Tuesday, February 26, 2013

New Glazes!

As a potter, I am always on the hunt for new, unique glazes. I'm especially interested in finding rich, earth-tone glazes for my Deluxe Sunflower series (which could also work for other parts of my repertoire) and cool glazes across the spectrum to use in my increasing range of leaf-related work. (I try to use a single glaze for all pieces using the leaves from a given plant species, just so I don't drive myself nuts.)

Amaco's Potter's Choice series of glazes has been a real friend to me - most of the glazes have been great to work with. (There are exceptions and, in at least one case as far as I'm concerned, a complete misfire.) But their development of new glazes has not kept up with my expanding inventory. You can imagine my delight when I heard that my materials supplier, Rovin Ceramics of Ann Arbor, had decided to start carrying selected glazes from Coyote Clay & Color.

Rovin did a great job of generating samples not only on the standard white stoneware or porcelain body (standard practice in the industry) but also on the Peach Stoneware (RO-23) I use for a lot of my work.
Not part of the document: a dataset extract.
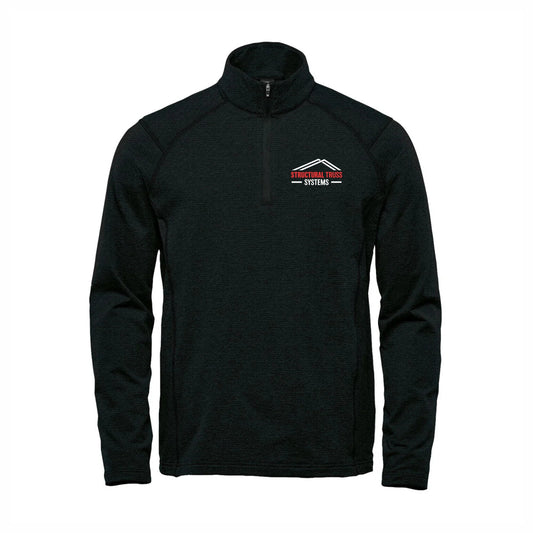 MEN'S TREELINE PERFORMANCE 1/4 ZIP PULLOVER - HTZ-2 - STRUC. TRUSS & FORMA STEEL - EMB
After perusing the test tiles, I selected ten of their glazes, samples of five of which are shown here, on Mini Sunflowers.

I started out by doing test tiles but, since I planned to use these particular glazes on my sunflowers, thought it would be a good idea to try them out in that format as well. My choices included Goldenrod Shino (MBG088, upper left, which has already gone into production for my revised Spinning Deluxe Sunflower Design), Butterscotch Shino (MGB 086, upper right), Leopard Shino (MGB089, center), Light Shino (MGB045, lower left) and, finally, Cedar Shino (MGB087, lower right, which I have combined with red iron oxide for a Dwarf Chinkapin Oak [Quercus prinoides] Leaf Pocket for my friend Chad Hughson of Hidden Savannah Nursery in Kalamazoo, Michigan).

I'm still sorting through the results, as it's important that the glazes I purchase be sufficiently distinct from one another to be worth purchasing but I'm pleased with these samples and will definitely be investing in the Goldenrod Shino when finances permit.

Kimono Lace Tea Set

Having figured out how to actually make cylindrical forms using slabs with my yarn bowls, I got, well, I got pretty excited! A whole new world had opened up for me, where I could make vessels using my slab roller rather than the wheel or extruder. (I love my high-capacity extruder but the dies generate pretty thick clay sections, thicker than I really wanted for the sorts of vessels I wanted to make.)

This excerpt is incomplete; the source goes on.